Payment Banks in India are new bare-bones type of banks, which are expected to reach customers mainly through their mobile phones rather than traditional bank branches.
They will provide savings accounts and remittance services at a low transaction cost.
In the Union Budget 2014-2015 it was decided that “After making suitable changes to current framework, a structure will be put in place for continuous authorization of universal banks in the private sector in the current financial year. RBI will create a framework for licensing small banks and other differentiated banks. Differentiated banks serving niche interests, local area banks, payment banks etc. are contemplated to meet credit and remittance needs of small businesses, unorganized sector, low income households, farmers and migrant work force.”
Target Segment for Payment Banks in India
- Unorganized Sector
- Migrant laborers
- Low-income households
- Small businesses
Rationale for Payment Banks
Payments banks will allow poorer citizens who transact only in cash to take their first step into formal banking.
It is uneconomical for traditional banks to open branches in every village but mobile phones coverage are a good low-cost platform for allowing basic banking services to every rural citizen.
This will speed up India’s journey into a cashless economy.
As per RBI guidelines: “the objectives of setting up of payments banks will be to further financial inclusion by providing (i) small savings accounts and (ii) payments/remittance services to migrant labor workforce, low income households, small businesses, other unorganised sector entities and other users.”
As per Shri Arun Jaitley, Honble Finance Minister, Payment Banks in India are a significant and important step from the RBI. “Payments banks will reach out to people in rural areas. Payments bank will ensure more money comes into banking system.
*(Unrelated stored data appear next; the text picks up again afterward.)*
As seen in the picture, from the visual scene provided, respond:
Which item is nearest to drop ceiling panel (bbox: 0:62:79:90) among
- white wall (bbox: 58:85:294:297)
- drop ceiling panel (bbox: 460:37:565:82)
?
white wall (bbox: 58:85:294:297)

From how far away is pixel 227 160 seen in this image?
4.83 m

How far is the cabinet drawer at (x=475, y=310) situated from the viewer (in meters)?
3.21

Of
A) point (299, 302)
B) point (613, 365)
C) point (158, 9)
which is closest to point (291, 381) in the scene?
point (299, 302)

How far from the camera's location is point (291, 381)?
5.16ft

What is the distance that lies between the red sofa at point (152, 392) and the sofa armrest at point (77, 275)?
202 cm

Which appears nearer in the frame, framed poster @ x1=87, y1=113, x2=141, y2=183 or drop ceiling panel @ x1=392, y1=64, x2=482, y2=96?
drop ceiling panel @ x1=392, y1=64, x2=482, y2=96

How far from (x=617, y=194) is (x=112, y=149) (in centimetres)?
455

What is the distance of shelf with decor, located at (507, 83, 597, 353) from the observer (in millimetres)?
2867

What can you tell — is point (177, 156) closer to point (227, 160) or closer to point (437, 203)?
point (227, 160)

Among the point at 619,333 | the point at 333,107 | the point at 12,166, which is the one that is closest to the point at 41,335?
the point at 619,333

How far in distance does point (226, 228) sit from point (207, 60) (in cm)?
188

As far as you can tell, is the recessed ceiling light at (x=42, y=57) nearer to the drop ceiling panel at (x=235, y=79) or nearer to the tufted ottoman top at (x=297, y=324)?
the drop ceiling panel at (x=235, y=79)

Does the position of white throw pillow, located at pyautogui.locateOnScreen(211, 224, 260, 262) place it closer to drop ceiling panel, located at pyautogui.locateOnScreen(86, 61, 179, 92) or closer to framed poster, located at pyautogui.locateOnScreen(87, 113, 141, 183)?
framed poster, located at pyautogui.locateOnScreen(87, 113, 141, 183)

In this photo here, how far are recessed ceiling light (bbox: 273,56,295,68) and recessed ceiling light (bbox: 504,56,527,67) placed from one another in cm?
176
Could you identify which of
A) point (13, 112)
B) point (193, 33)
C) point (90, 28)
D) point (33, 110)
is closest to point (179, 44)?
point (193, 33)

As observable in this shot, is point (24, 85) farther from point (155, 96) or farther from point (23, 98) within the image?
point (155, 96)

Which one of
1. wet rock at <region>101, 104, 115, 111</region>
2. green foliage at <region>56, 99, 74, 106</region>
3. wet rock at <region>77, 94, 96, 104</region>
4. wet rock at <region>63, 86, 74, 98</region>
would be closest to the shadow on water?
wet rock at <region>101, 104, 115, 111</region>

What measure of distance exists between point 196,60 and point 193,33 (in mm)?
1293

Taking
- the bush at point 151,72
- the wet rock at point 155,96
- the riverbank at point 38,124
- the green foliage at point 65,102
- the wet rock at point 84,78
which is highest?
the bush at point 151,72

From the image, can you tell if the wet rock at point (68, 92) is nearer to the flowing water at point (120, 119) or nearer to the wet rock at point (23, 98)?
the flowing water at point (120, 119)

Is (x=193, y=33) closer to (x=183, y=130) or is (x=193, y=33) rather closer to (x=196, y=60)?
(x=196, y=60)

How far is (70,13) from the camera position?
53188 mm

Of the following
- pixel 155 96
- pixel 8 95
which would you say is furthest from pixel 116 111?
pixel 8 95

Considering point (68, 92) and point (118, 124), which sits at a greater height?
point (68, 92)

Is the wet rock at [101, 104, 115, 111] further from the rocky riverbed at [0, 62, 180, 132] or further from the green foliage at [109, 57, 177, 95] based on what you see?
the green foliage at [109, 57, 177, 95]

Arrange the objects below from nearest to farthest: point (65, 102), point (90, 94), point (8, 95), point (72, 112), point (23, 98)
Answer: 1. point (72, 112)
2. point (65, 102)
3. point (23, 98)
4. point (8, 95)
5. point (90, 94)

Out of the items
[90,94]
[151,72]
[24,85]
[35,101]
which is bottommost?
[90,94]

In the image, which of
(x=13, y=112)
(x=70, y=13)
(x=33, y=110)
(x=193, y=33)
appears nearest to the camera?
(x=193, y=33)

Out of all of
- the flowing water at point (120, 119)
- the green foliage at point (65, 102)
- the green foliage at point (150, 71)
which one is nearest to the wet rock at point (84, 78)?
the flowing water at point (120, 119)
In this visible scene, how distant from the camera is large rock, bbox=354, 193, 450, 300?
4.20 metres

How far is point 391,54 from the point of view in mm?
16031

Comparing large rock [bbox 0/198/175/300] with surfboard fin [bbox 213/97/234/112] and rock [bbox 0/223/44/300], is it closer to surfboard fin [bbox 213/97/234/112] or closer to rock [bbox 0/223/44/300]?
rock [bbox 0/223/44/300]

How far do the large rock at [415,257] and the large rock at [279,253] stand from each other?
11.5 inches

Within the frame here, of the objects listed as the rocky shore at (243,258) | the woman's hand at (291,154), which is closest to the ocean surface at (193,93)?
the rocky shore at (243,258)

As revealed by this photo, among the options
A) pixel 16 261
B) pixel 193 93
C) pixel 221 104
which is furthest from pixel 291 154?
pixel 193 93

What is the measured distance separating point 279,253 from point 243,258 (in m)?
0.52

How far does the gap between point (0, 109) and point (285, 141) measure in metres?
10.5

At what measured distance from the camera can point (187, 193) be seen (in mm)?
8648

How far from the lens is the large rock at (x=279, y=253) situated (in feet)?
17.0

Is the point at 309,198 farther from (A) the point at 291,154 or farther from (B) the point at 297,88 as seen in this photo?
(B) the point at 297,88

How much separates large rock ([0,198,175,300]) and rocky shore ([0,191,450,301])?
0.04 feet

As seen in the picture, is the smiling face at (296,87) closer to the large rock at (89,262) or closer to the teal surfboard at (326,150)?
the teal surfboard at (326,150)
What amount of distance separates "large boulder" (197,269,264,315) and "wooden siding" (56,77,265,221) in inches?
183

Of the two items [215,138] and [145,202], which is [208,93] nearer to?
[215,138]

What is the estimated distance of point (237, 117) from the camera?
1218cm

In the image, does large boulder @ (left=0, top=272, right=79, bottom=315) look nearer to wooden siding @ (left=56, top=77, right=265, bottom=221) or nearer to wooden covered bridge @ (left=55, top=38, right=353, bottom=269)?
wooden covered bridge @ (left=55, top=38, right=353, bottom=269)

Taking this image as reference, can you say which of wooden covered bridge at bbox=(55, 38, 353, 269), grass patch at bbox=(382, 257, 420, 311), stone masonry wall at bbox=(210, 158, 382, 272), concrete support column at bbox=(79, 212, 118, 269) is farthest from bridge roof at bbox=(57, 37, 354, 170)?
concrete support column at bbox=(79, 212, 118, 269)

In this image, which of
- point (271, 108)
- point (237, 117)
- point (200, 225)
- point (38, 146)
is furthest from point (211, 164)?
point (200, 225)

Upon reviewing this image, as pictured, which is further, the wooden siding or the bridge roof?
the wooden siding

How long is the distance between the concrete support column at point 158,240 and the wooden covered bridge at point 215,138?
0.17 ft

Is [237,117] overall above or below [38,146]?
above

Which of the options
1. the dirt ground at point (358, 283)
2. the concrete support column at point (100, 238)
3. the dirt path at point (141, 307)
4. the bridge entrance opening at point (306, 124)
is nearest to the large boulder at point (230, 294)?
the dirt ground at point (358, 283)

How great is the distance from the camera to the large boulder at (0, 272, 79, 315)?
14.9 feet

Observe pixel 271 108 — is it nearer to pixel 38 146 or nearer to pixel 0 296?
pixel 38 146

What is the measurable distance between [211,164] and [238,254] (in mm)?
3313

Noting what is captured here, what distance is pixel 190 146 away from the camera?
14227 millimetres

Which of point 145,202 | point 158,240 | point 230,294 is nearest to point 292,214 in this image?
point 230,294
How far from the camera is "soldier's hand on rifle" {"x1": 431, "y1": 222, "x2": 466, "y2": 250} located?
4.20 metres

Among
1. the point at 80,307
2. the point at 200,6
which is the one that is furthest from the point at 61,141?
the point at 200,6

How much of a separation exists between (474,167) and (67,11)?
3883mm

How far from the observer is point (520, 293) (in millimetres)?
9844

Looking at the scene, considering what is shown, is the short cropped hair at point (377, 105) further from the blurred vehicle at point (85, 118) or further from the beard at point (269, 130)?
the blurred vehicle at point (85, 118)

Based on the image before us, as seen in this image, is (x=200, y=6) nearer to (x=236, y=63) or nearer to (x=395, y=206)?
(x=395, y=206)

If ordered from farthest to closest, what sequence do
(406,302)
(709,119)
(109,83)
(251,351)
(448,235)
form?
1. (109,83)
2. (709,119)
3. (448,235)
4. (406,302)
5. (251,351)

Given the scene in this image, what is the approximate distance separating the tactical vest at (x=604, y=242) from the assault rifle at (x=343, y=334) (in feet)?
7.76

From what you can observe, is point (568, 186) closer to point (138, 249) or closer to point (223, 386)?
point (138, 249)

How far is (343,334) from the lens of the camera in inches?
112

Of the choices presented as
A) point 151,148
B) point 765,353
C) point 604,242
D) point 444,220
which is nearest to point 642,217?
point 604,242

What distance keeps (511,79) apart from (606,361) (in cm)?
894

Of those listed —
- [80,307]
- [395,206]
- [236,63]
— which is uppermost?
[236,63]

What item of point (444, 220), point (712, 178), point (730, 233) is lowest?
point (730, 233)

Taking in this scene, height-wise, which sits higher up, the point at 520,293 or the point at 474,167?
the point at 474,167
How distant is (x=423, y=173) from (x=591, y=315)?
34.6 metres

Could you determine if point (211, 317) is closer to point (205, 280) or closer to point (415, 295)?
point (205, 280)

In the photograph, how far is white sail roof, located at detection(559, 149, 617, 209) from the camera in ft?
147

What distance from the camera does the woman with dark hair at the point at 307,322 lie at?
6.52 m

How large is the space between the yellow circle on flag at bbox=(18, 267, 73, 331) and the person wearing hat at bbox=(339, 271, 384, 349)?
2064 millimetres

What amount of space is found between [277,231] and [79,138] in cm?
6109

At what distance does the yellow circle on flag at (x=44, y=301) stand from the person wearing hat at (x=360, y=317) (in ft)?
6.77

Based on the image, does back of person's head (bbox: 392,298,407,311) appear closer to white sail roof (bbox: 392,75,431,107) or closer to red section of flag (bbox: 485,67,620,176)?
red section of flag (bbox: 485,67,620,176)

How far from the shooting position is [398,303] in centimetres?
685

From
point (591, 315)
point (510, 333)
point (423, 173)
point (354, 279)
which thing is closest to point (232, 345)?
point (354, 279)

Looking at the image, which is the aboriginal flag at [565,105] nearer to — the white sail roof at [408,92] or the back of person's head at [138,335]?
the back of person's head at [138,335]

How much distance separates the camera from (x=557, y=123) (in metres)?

Various banks are looking at increasing their rural reach, including big banks like SBI, payments banks will help them realize this,” Jaitley said.
History of Payment Banks
- Sep 2013 – RBI forms Committee on Comprehensive Financial Services for Small Businesses and Low Income Households headed by Nachiket Mor
- Jan 2014 – Committee submits report and recommends formation of new type of Bank.
- Jul 2014 – RBI issued the draft guidelines for setting up Payments Bank in July 2014 and sought comments were sought from various participants by August 2014
- Nov 2014 – RBI released the final guidelines for licensing of Payments Bank on November 27, 2014
- Aug 2015 – RBI gives “in-principle” licences to eleven entities
What can Payment Banks Do?
- Payment Banks in India can raise deposits of upto Rs. 1 lakh, and pay interest on these balances just like a savings bank account does.
- They can provide services such as buying in cashless, chequeless transactions and automatic payments of bills through a phone.
- They can issue debit cards and ATM cards usable on ATM networks of all banks. However, payment banks cannot issue credit cards.
- They will be in a position to provide card acceptance mechanisms to third parties such as the “Apple Pay.”
- They can allow remittances and transfers through a mobile phone.
- Being a part of the gateway that connects banks they can transfer money directly to bank accounts at nearly no cost.
- They can issue forex cards to travellers which can be used as a debit or ATM card all over India.
- They can provide forex services at charges lower than banks.
Regulations for Payment Banks in India
Payment Banks in India will be licensed as payments banks under Section 22 of the Banking Regulation Act, 1949 and will be registered as public limited company under the Companies Act, 2013.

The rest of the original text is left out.